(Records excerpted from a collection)
===
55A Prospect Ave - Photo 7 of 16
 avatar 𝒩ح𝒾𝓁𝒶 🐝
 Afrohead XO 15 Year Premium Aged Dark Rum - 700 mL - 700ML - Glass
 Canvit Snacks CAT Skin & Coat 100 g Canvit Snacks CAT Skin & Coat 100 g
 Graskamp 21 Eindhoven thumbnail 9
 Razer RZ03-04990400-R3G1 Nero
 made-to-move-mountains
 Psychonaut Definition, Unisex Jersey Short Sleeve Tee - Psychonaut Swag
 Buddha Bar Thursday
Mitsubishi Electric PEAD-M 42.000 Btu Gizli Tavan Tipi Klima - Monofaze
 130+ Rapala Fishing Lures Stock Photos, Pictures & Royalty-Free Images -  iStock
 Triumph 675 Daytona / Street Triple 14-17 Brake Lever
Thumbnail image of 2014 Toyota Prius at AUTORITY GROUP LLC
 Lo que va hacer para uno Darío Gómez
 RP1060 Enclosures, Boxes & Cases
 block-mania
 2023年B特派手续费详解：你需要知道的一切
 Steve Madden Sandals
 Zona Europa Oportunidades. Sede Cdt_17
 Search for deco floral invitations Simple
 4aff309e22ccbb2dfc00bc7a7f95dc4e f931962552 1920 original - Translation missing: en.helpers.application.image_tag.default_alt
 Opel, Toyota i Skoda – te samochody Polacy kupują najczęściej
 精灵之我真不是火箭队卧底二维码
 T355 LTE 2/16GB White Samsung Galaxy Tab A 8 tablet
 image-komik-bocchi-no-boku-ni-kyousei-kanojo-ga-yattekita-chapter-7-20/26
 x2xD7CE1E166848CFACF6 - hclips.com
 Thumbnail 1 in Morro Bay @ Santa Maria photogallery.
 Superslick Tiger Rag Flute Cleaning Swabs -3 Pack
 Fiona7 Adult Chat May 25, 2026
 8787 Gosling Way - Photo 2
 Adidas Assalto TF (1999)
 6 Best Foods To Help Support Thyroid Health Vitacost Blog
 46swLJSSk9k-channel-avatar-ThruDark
===
TASK OBJECTIVE: Above are the records; repeat exactly the lines from the one holding "精灵之我真不是火箭队卧底二维码" down to the one holding "Adidas Assalto TF (1999)", end lines included.

WRITTEN REPLY:
 精灵之我真不是火箭队卧底二维码
 T355 LTE 2/16GB White Samsung Galaxy Tab A 8 tablet
 image-komik-bocchi-no-boku-ni-kyousei-kanojo-ga-yattekita-chapter-7-20/26
 x2xD7CE1E166848CFACF6 - hclips.com
 Thumbnail 1 in Morro Bay @ Santa Maria photogallery.
 Superslick Tiger Rag Flute Cleaning Swabs -3 Pack
 Fiona7 Adult Chat May 25, 2026
 8787 Gosling Way - Photo 2
 Adidas Assalto TF (1999)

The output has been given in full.